As political ads take over Arizona airwaves, local companies can't compete with the spending

Rachel Leingang
Arizona Republic
Martha McSally and Mark Kelly.

Normally, local ads punctuate your TV time to the point that many Arizonans can recite jingles for certain businesses, like Lerner and Rowe (is the way to go) and Express Flooring (is the best) and London Gold (it's also the best).

But these days, with Arizona newly a swing state and one of the most high-dollar U.S. Senate races in the country, political ads fill our airwaves at prices that local businesses — and even local campaigns — can't really compete with.

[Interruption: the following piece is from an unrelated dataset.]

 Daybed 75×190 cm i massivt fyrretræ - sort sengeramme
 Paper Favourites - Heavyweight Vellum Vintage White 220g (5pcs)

A flood of political spending has saturated Arizona, with TV ads running constantly from both presidential candidates, U.S. Senate candidates and the political action committees that support any of the above.

For example, the Oct. 17 episode of Saturday Night Live showed a smorgasbord of political commercials, including ones supporting Tom O'Halleran, Donald Trump, Joe Biden, Hiral Tipirneni, and Martha McSally (with an anti-McSally ad following right behind). The candidates' ads cost between $2,500 and $5,000 during that show, depending on slot and duration, orders filed by the station to the Federal Communications Commission show.

One projection of spending on political ads in Arizona this year puts the figure at more than $200 million.

What's a personal injury attorney — or local restaurant chain or jeweler or mattress company or flooring company — to do?

“I pray that November 3 hurry up and comes,” said Kevin Rowe, of personal injury law firm Lerner and Rowe. “I would love to see competitors’ ads. I'd rather see that than see the negative stuff coming from the politicians right now.”

During the political window, starting two months before the general election, many pivot elsewhere. Some don't increase the amount they spend on TV, which means they often get bumped from good slots by political campaigns willing to pay more.

And they find the political ads as annoying as many of the rest of us do, so they don't think it's a good use of money to pay more at a time when people are put off by TV.

"The influx of political ads is like nothing I've personally ever seen," said Ari Levenbaum, the chief operating officer for the American Association of Motorcycle Injury Lawyers, known to Arizonans as the Law Tigers.

Building a recognizable brand requires regularly putting your name in front of people, Rowe said. The expensive TV market in Arizona during this political window makes that a bit more difficult.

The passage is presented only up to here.